The Secret Life of Bees effectively colors the background and fills out the secondary characters while never losing its focus on Lily. The setting is one of powerful contradictions, with America teetering on the brink. The hope of a better future - the "dream" of Martin Luther King - is counterbalanced by the anger and prejudice of the present. The beauty of the countryside is contrasted with the close-mindedness of the towns. And Lily comes close to truth only while living a lie.
The Secret Life of Bees offers a twist on a common theme of racially sensitive stories. One often criticized approach to such films is to offer a white character who becomes a champion of the undertrodden and, by joining them, catalyzes their salvation. The reverse occurs here: the white character, Lily, is saved by the black ones. They show her that it's possible to find joy in even the most seemingly joyless of situations and that love is possible for those who believe themselves to be unloved and unloveable. For Lily, this isn't just a coming-of-age story; it's a tale of redemption. And it's through her quest to find forgiveness and affection that The Secret Life of Bees provides its most stirring emotional impact.
The cinematography is beautiful and evocative, transporting viewers back a half-century to a time when so many material things are familiar while attitudes are in many ways so different. The film spends a little time teaching the basics of bee-keeping and honey-making and, while it falls short of a Discovery Channel-style dissertation about the subject, these scenes hold a certain fascination. Of course, there's symbolic significance to this, as one can deduce from the title. The Secret Life of Bees doesn't refer only to what happens in the colony; it has more universal implications.
For Fanning, this is a leap forward from Hounddog. Her character here is in many ways similar to the girl she played in the earlier movie, but the nature and quality of the performance is much different.
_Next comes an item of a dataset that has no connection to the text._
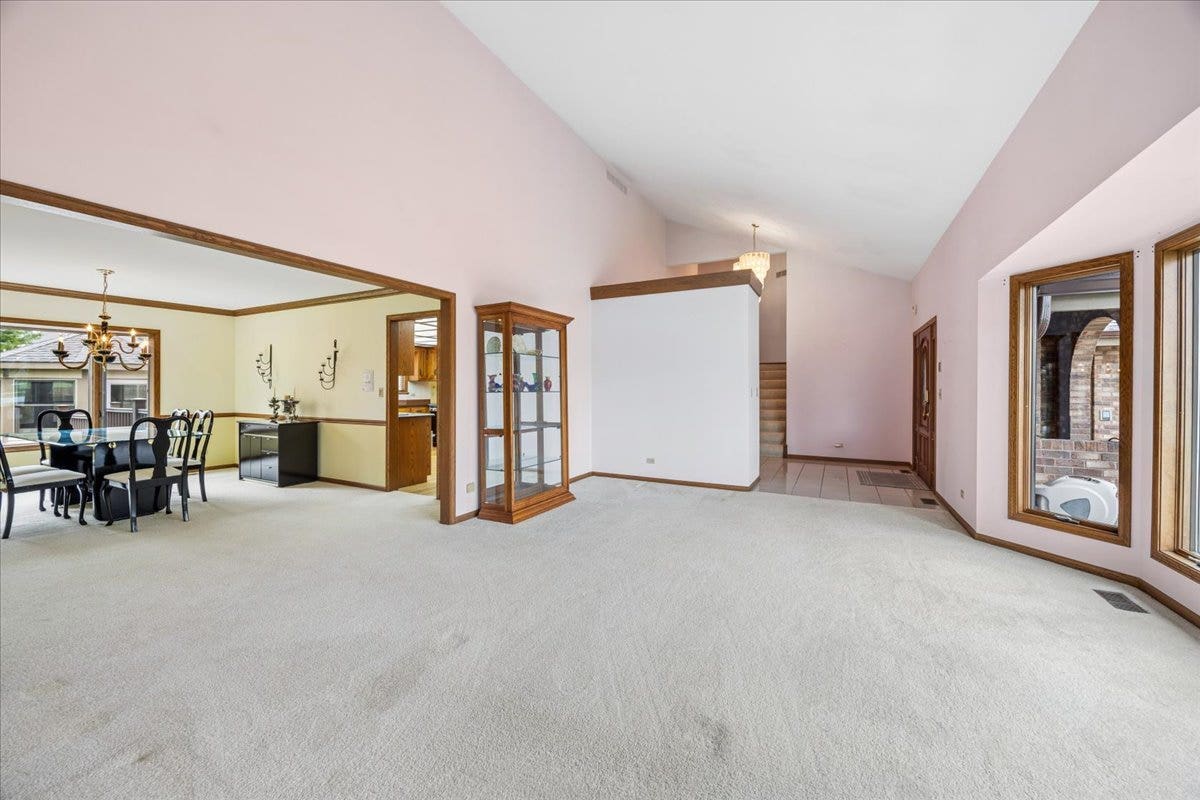 6037 Dunham Road, Downers Grove, IL 60516 6037 Dunham Road, Downers Grove, IL 60516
Given the superior material of The Secret Life of Bees and the sure-handed direction of sophomore filmmaker Prince-Bythewood, Fanning shines in a role that requires her to teeter back and forth between adult and child, displaying decisiveness one moment and uncertainty the next. Jodie Foster was the same age as Fanning when she received an Oscar nomination for Taxi Driver; it would not be surprising for comparisons to be made. The parts are not similar, but the strength of the performances are.
The other actress to stand out is, unsurprisingly, Queen Latifa, whose intense screen presence makes her a force to be reckoned with even when she's simply standing in the background, not saying anything. Latifa is the most generous of actresses, never stealing scenes from her co-stars, and it's this quality that makes the performance all the more impressive. When one thinks of the acting in The Secret Life of Bees, Fanning comes to mind first, but Latifa isn't far behind. The rest of the cast is solid, but unspectacular. Alicia Keys and Sophie Okonedo are fine (but no more) as August's sisters. Considering that she won an acting Oscar and brought some needed energy to Sex and the City, Jennifer Hudson is a little disappointing, bringing little of distinction to a character who too easily fades from the foreground.
If there's a sense that the film's ending is a little abrupt, that's a credit to the filmmakers. Lily is such a vibrant character and her world is so expertly formed that we want the story to extend beyond what could reasonably be considered its natural end-point. It's hard to imagine that The Secret Life of Bees won't be part of many Oscar conversations. It has the intelligence, craftsmanship, and heart to win over both critics and regular movie-goers.